Not only are emotions not necessarily destructive of ethics, they can also be the fuel that powers ethics. If we realign emotions and reason, then emotions could help us to be ethical. Imagine the difference in action between the person who was coldly ethical because he thought it was right, but had no emotional commitment to right action, and the person who passionately wanted to be good. It should be obvious that the latter person will not only be better able to achieve a good life, he will also enjoy this life in a way that the former person will not.
We saw in chapter one that the conception of a person as having a separable soul/body was incorrect and that humans are actually integrated beings of soul and body such that when the body dies, the soul does not persist. Although we can easily dispatch with dualism, we still need to understand the connections between reason and emotions in order to integrate the two back together. In order to do this we shall have to provide a positive theory of emotions to replace the mistaken historic conception, which we shall do below. In the process it will become clear that emotions are not irreducible primaries, but are open to analysis, and that reason and emotions are closely related.
Perhaps the single most important feature of emotions is that one now lost to us. Emotions have become afflictions that we bear: they are beyond reason, beyond understanding, and beyond our ability to control. Emotions do not, however, have to be this way.
Emotions, proper emotions, allow us to experience the reality of our judgments and give meaning to our lives. A life that is coldly rational, a life where reason and emotion stand in opposition, is a life that is without meaning. No matter how correct your judgments may be, they cannot be real to you unless you can experience them as part of yourself. Emotions give reality to our ideas; they are the divine bridge between our intellect and bodies and allow us to live as unified beings. That is, of course, if one can master them.
Yet, mastery of emotions need not be the Herculean effort that it is currently supposed. The reason that it is now so difficult is because emotions are not understood, and if one does not understand the operation of his emotions then he has no chance to try and change them. Yet, emotional operation is straightforward and within our ability to change.
Our emotions are automatic responses to our souls, to the core of our beliefs, to those judgments that we hold as definitive of our identities. The stronger the belief, the more central it is to one’s emotional structure and the more that it will affect one’s emotions. If we want this affect to be for the positive, we cannot leave the creation of our emotions to neglect! We must purposefully craft our emotions directly from our reasons and guarantee our creations through continual introspection.
It is not that we can directly control our emotions, but like a river we can shape its course and it will inevitably follow the channel we create if we do this with care. Emotions follow naturally, and automatically, from our beliefs and so we can ultimately change an emotion by changing this basis. If we consciously direct this process, instead of leaving it up to chance, we can bring our emotions in line with our reason and create a unified soul for ourselves.

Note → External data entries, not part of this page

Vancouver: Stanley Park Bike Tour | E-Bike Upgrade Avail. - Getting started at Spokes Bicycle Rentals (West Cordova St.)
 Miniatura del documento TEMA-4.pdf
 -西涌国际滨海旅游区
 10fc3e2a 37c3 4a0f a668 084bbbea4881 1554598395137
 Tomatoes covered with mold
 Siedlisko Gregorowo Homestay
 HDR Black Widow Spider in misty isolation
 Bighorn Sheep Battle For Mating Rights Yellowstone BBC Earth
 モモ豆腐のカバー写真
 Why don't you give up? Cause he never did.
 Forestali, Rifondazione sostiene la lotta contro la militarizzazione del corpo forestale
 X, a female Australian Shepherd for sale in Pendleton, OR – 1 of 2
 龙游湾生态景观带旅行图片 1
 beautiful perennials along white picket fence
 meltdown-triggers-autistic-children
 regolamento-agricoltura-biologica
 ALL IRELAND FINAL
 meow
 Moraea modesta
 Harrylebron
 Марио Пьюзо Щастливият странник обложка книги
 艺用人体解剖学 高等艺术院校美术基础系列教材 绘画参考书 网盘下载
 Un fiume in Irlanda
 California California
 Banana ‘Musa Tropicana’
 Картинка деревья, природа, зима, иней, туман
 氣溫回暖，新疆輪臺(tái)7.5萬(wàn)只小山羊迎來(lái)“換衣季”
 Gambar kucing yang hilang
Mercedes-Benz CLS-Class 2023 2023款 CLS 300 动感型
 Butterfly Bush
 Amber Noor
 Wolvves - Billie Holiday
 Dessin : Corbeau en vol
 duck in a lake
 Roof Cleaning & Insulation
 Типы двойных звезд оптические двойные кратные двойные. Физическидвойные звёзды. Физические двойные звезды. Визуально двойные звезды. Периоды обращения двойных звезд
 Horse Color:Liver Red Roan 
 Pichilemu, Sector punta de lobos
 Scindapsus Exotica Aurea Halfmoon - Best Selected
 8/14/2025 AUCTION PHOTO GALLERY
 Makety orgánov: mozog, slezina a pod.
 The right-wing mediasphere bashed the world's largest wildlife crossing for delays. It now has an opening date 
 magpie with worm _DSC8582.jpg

By bringing our emotions into line with our reason, we can create a world in which we can not only judge, but can experience the reality of our judgments. We can create, for ourselves, a world where our emotions augment and strengthen our ideas with their passion, a world where good and evil become visceral, a world where our souls are not constantly struggling against themselves and, instead, we can experience the light purity of a soul that is good, that can experience this goodness, and can rejoice in the reality of its virtue. We can create the soul that can say: “I know, and feel, that I am good.”